From Principle to Pulse: The Breakthrough Experiment
The experiment was led by Mohammed Hassan at the University of Arizona, collaborating with teams in Spain and Germany. They generated ultrafast squeezed light pulses via nonlinear four-wave mixing and observed the ever‐shifting “dance” of quantum uncertainties on attosecond (10⁻¹⁸ seconds) timescales.
Ordinarily, Heisenberg’s uncertainty relation is viewed as a static bound on how precisely complementary quantities can be known. But what Hassan’s team revealed is that uncertainty itself is dynamic, toggling between “amplitude squeezing” and “phase squeezing” through minute mechanical adjustments in the optical setup.
They observed that the variance in one quadrature of light could be suppressed at the expense of increased variance in the orthogonal quadrature—a classic signature of squeezed states—but critically, they tracked how that suppression evolves in real time. Their data show that quantum uncertainty is not a fixed limit but a controllable, time‐varying quantity.
They also demonstrated a proof-of-concept petahertz (10¹⁵ Hz) secure quantum communications protocol, encoding information directly onto the ultrafast squeezed waveforms.
Why This Matters: A New Era for Quantum Optics
This achievement doesn’t overthrow Heisenberg’s principle, but it reframes it. Instead of an immutable wall, uncertainty emerges as a fluid, manipulable phenomenon. That subtle shift in perspective opens entirely new domains—for example, ultrafast quantum optics, where dynamic control over quantum states evolves on timescales shorter than ever before.
One immediate implication is for secure quantum communication. If one can vary uncertainty on ultrafast pulses, one can embed information in ways that are inherently difficult to intercept without detection. In their experiment, the authors showed that an eavesdropper would need to know not just a decoding key but also the precise amplitude of each ultrafast pulse to succeed.
Beyond communications, this work could influence quantum metrology (precision measurement), ultrafast spectroscopy, and even the drive toward quantum computers operating at extreme speeds. It gives scientists a new tool: watching the quantum world in motion, instead of inferring it after the fact.
Challenges Ahead: From Lab to Application
Though monumental, the experiment operates under tightly controlled laboratory conditions. The optical paths, mechanical adjustments, and detection systems required are exquisitely sensitive, meaning translating this into robust devices will be nontrivial. Loss, noise and decoherence remain formidable foes in any real-world quantum system.

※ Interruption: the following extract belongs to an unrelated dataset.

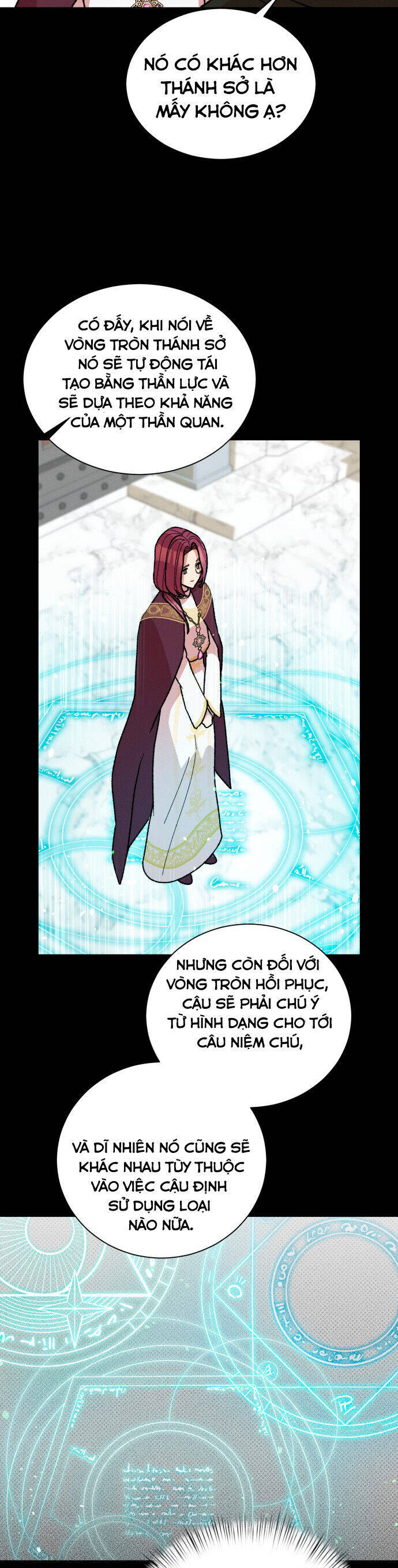 Nam Thứ Đình Công Thì Phải Làm Sao?! Chap 32 - Next Chap 33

Moreover, embedding ultrafast quantum control into scalable technologies—fiber networks, integrated optics, computing platforms—will demand significant innovation. But the clarity and precision of this proof-of-principle suggest that these obstacles may be surmountable.A Paradigm Shift in the Nature of Uncertainty
Heisenberg taught us that uncertainty is a core feature of quantum reality. Now, Hassan’s team shows that uncertainty can be watched and steered. The quantum “blurriness” is not a static barrier but a living, breathing phenomenon. In capturing uncertainty in real time, the experiment doesn’t just mark a technical milestone—it invites us to rethink what unpredictability really means at nature’s deepest level.